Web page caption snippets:

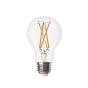Ampoule DEL à filament Type A Clair, 9 W, 120 V, blanc doux, 6/pqt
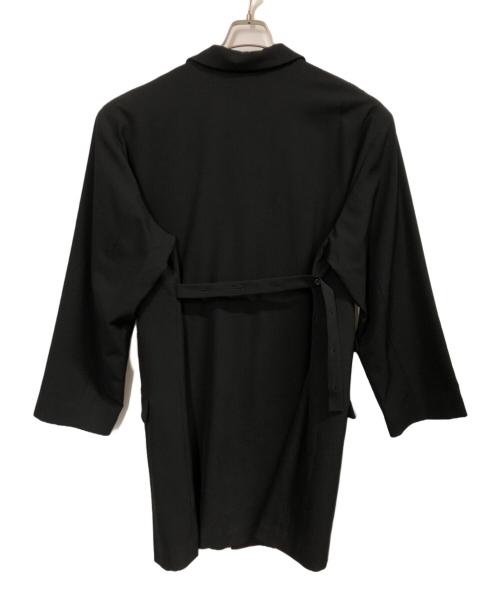 QUALIA（クオリア）QUALIA (クオリア) signature jacket ブラック サイズ:FREEの古着・服飾アイテム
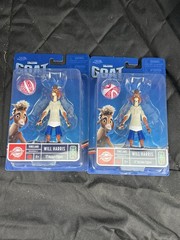 GOAT Movie Will Harris Lot Of 2 – Street/Hoodie – Roarball 5″ Action Figure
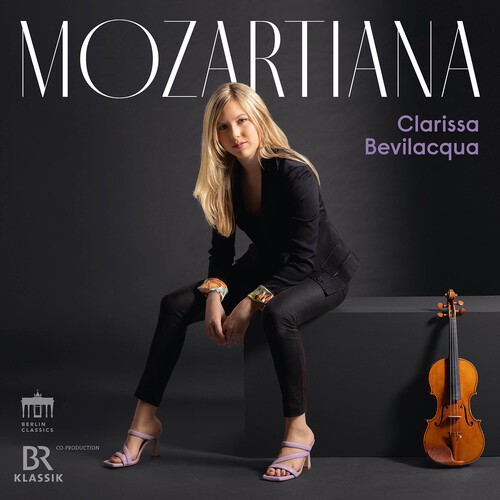 Clarissa Bevilacqua - Mozartiana in the group CD / Klassiskt at Bengans Skivbutik AB (5653794)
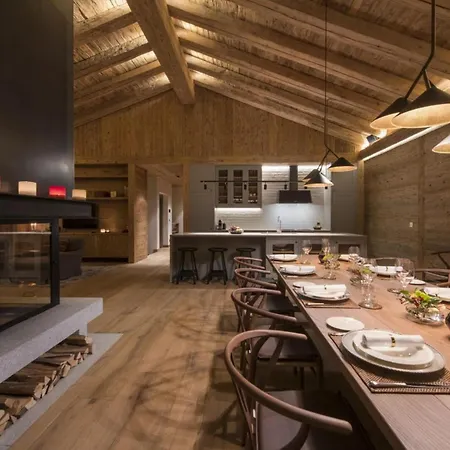 Alpine Luxury Chalet Konk In Switzerland * צרמט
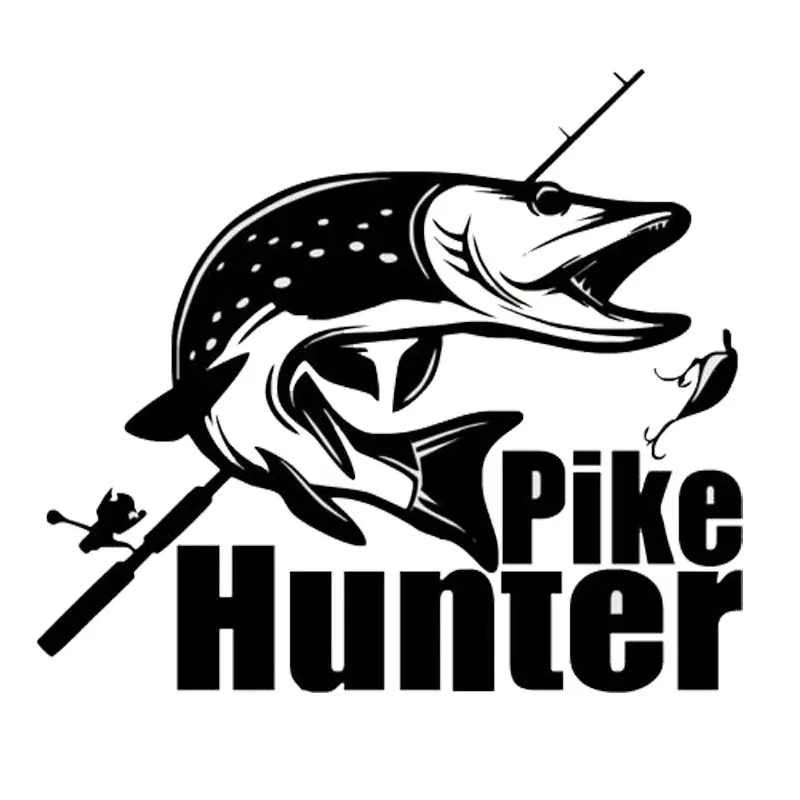 Hunter, barracuda, fishing bite style car polyethylene sticker, 25.4 cm x 22.5 cm PVC accessories, various sizes
Hunter, barracuda, fishing bite style car polyethylene sticker, 25.4 cm x 22.5 cm PVC accessories, various sizes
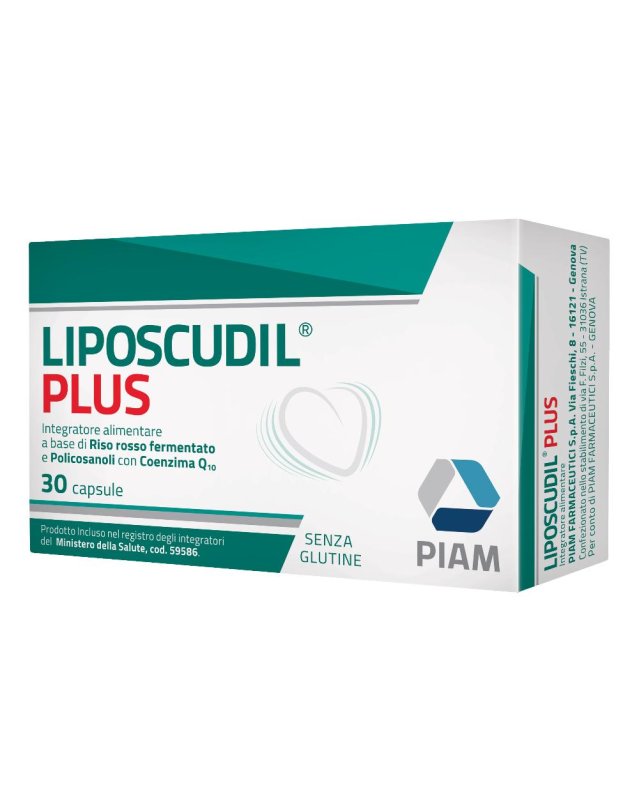 LIPOSCUDIL PLUS 30CPS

WHAT THE TASK REQUIRES: Copy exactly what appears in the entries, beginning with the first line and ending with the line that has "Alpine Luxury Chalet", but not the pictures.

SOLUTION:
Ampoule DEL à filament Type A Clair, 9 W, 120 V, blanc doux, 6/pqt
 QUALIA（クオリア）QUALIA (クオリア) signature jacket ブラック サイズ:FREEの古着・服飾アイテム
 GOAT Movie Will Harris Lot Of 2 – Street/Hoodie – Roarball 5″ Action Figure
 Clarissa Bevilacqua - Mozartiana in the group CD / Klassiskt at Bengans Skivbutik AB (5653794)
 Alpine Luxury Chalet Konk In Switzerland * צרמט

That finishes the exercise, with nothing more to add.